▶ [To do]
Only the text belongs in the copy: retype each record exactly as it appears.

*** Material for this task

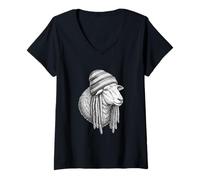 Women's Hippie Peace Animal Reggae Rasta Sheep V-Neck T-Shirt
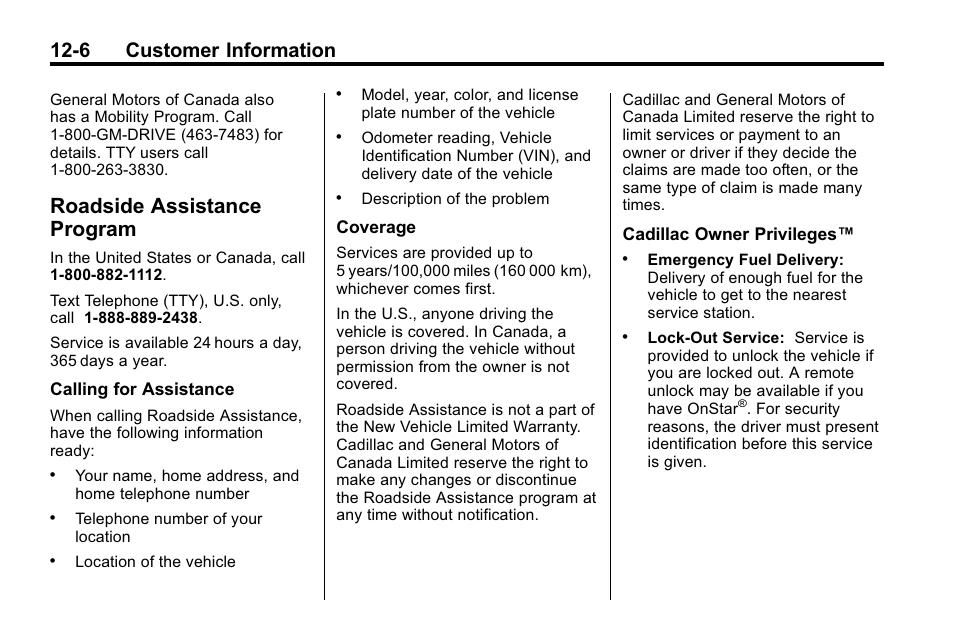 Roadside assistance program, Roadside assistance, Program -6 | Navigation, 6 customer information | Cadillac 2010 SRX Crossover User Manual | Page 442 / 470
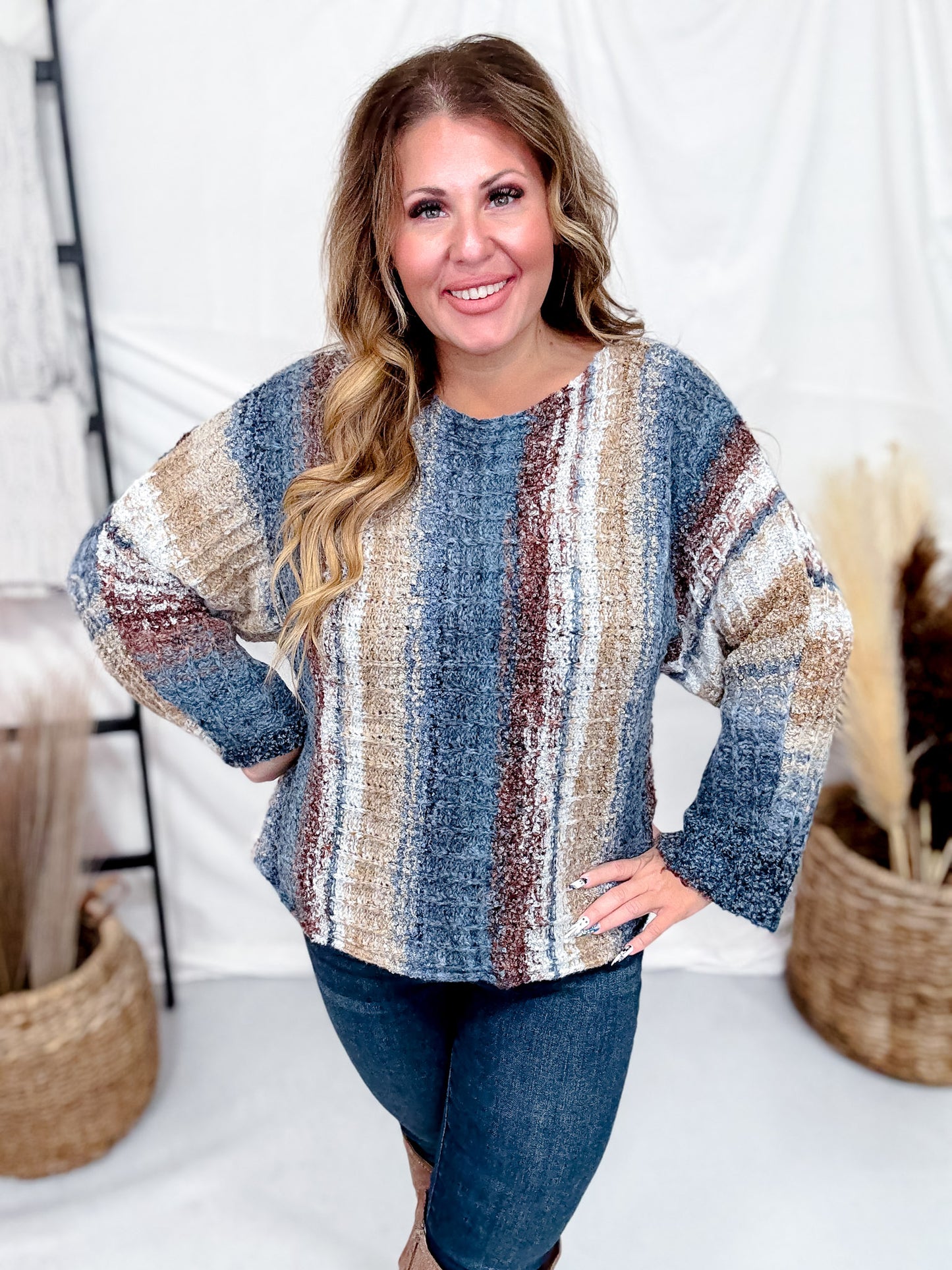 Vertical Striped Boat Neck Sweater In Navy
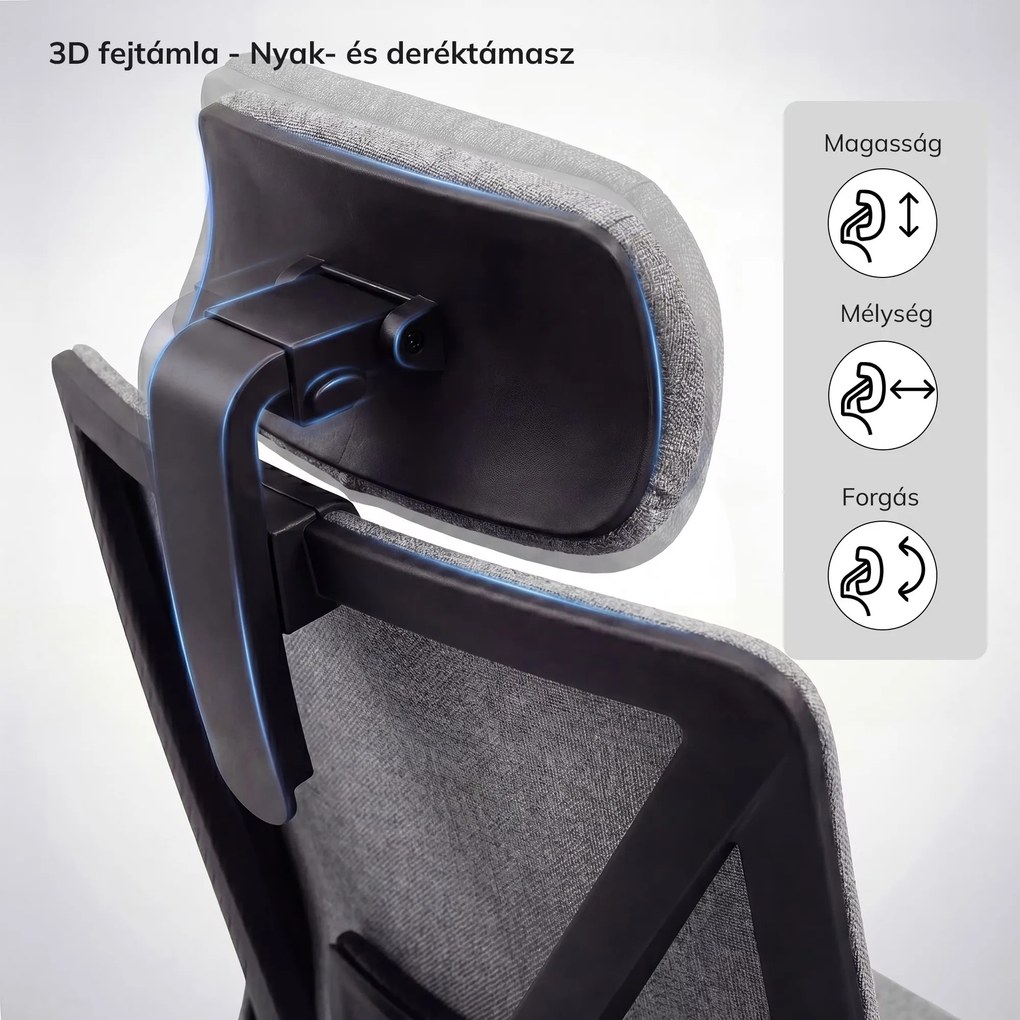 Ergonómikus, forgó irodai szék, szürke: VECTOR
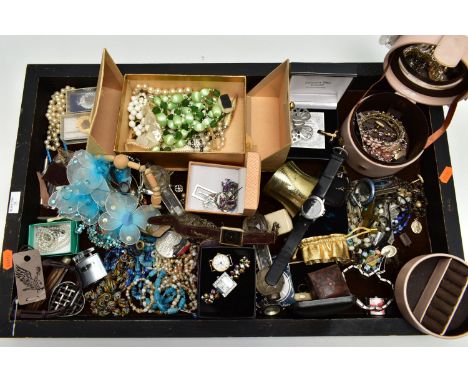 A DISPLAY TRAY WITH COSTUME JEWELLERY, large rectangular display tray together with contents to include imitation pearl neckl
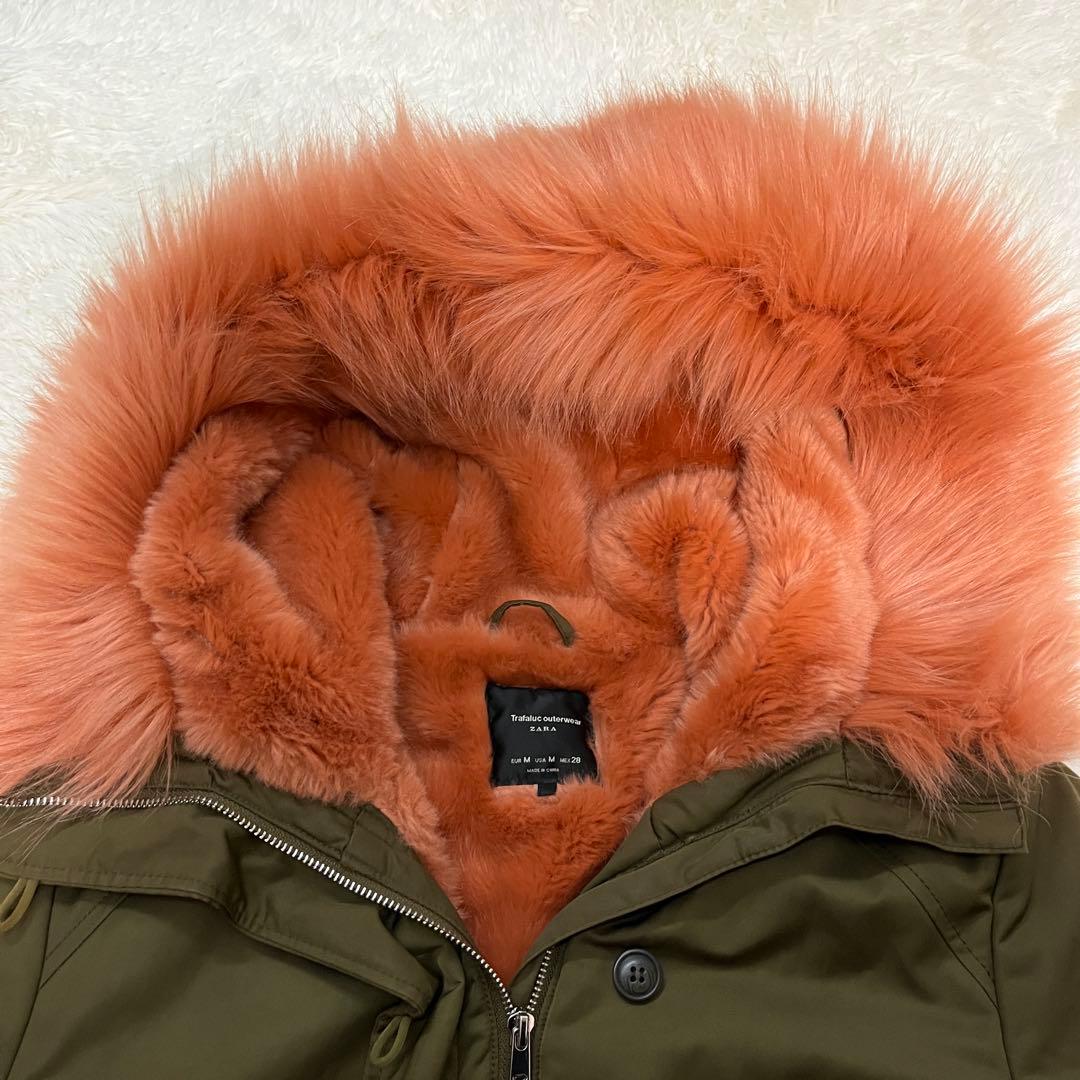 美品 ZARA ピンクファー モッズコート M N3B カーキ ザラ 77302 レディース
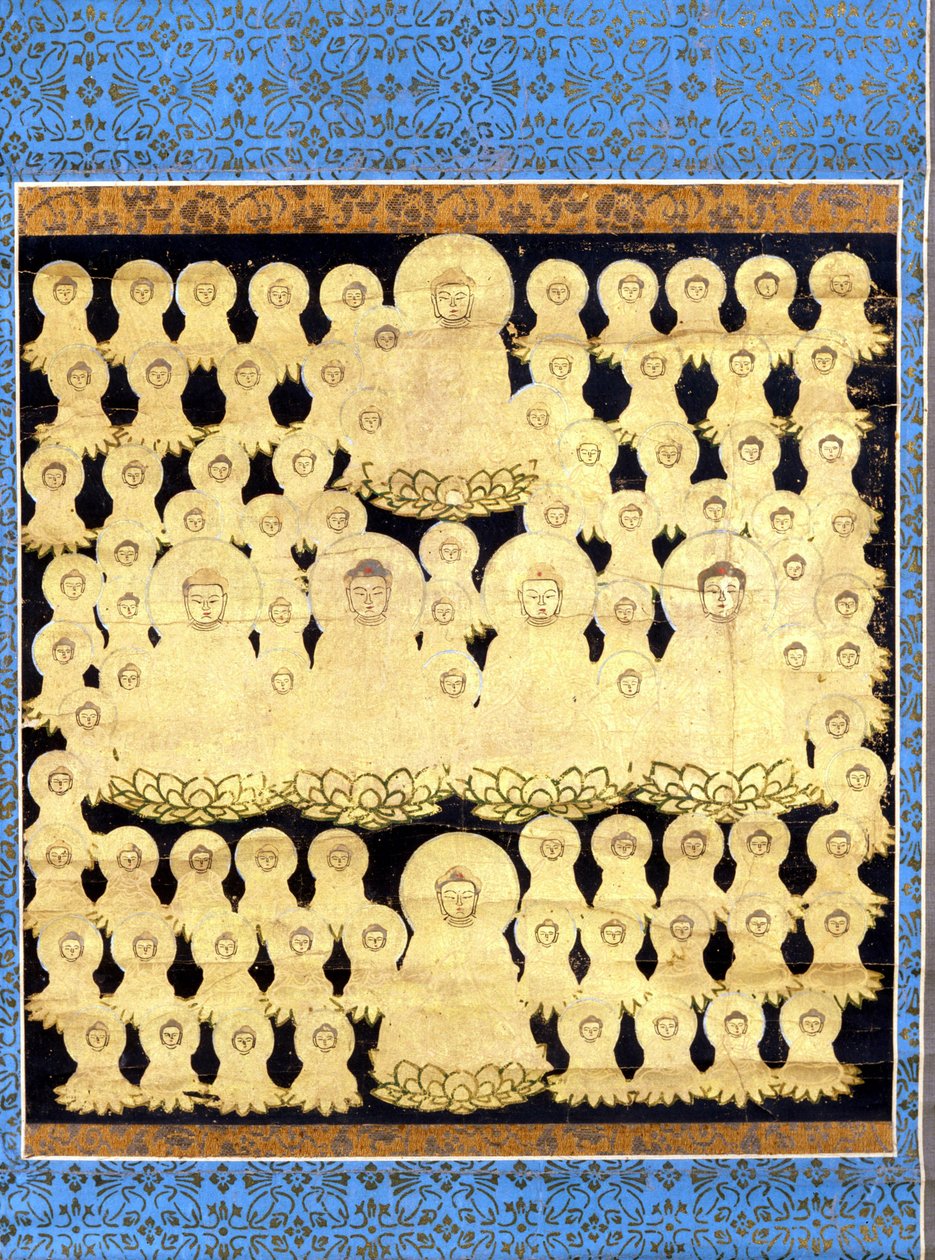 Ottantacinque rappresentazioni del Buddha giapponese Amida Bosatsu. Dipinto su tela del XVII secolo da Japanese School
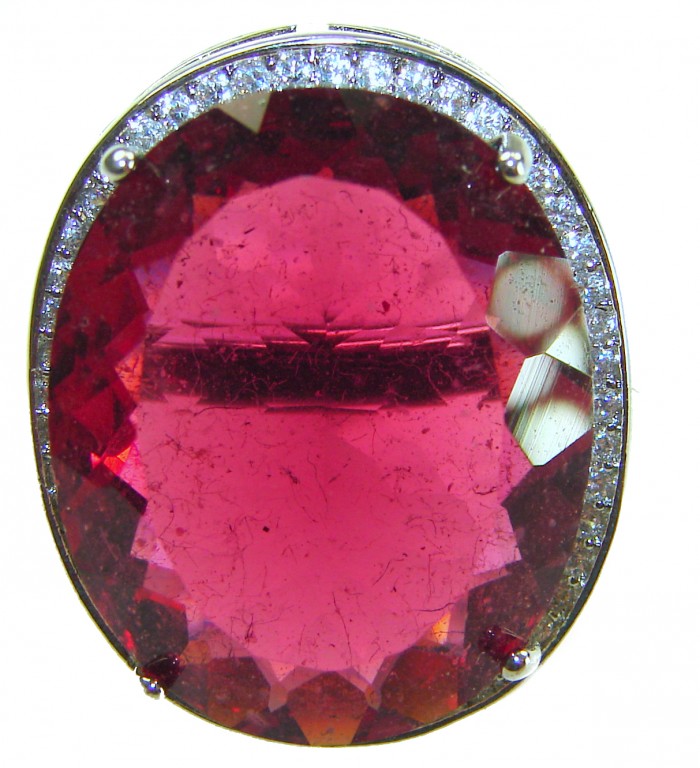 Natural 35.9 carat Red Topaz .925 Sterling Silver handmade Statement Ring size 7 - Close-up of natural 35.9 carat red topaz in .925 sterling silver setting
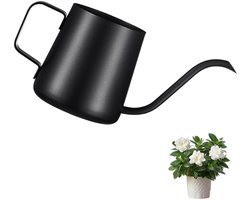 Gieters Voor Binnen - Gieter Met Broeskop - Gemaakt Van Roestvrij Staal En Geborsteld Zwart Finish 350 Ml - Voor Kantoorplanten En Vetplanten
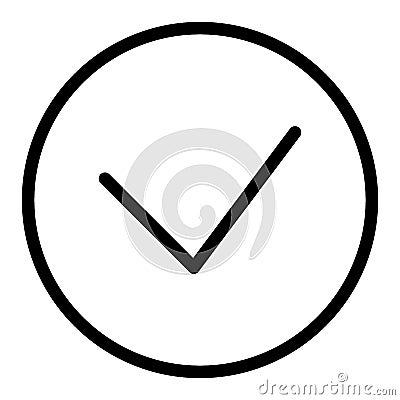 Circle with tick line icon. Check illustration isolated on white. Choice button outline style design, designed for web Vector Illustration
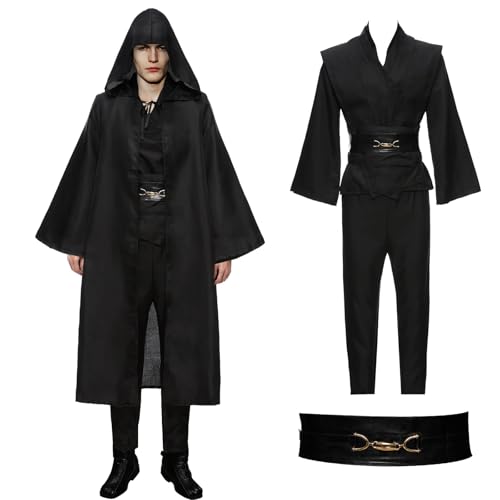 Moiuguli Jedi Kostüm für Herren, Obi Wan Kenobi Jedi Robe Tunika Kapuzenmantel Outfit Umhang mit Kapuze, 7-teilig Mittelalterlich Karneval Halloween Cosplay Ritter Kostüm Requisiten Set von Moiuguli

******

▶ [Solution to the exercise]
 Women's Hippie Peace Animal Reggae Rasta Sheep V-Neck T-Shirt
 Roadside assistance program, Roadside assistance, Program -6 | Navigation, 6 customer information | Cadillac 2010 SRX Crossover User Manual | Page 442 / 470
 Vertical Striped Boat Neck Sweater In Navy
 Ergonómikus, forgó irodai szék, szürke: VECTOR
 A DISPLAY TRAY WITH COSTUME JEWELLERY, large rectangular display tray together with contents to include imitation pearl neckl
 美品 ZARA ピンクファー モッズコート M N3B カーキ ザラ 77302 レディース
 Ottantacinque rappresentazioni del Buddha giapponese Amida Bosatsu. Dipinto su tela del XVII secolo da Japanese School
 Natural 35.9 carat Red Topaz .925 Sterling Silver handmade Statement Ring size 7 - Close-up of natural 35.9 carat red topaz in .925 sterling silver setting
 Gieters Voor Binnen - Gieter Met Broeskop - Gemaakt Van Roestvrij Staal En Geborsteld Zwart Finish 350 Ml - Voor Kantoorplanten En Vetplanten
 Circle with tick line icon. Check illustration isolated on white. Choice button outline style design, designed for web Vector Illustration
 Moiuguli Jedi Kostüm für Herren, Obi Wan Kenobi Jedi Robe Tunika Kapuzenmantel Outfit Umhang mit Kapuze, 7-teilig Mittelalterlich Karneval Halloween Cosplay Ritter Kostüm Requisiten Set von Moiuguli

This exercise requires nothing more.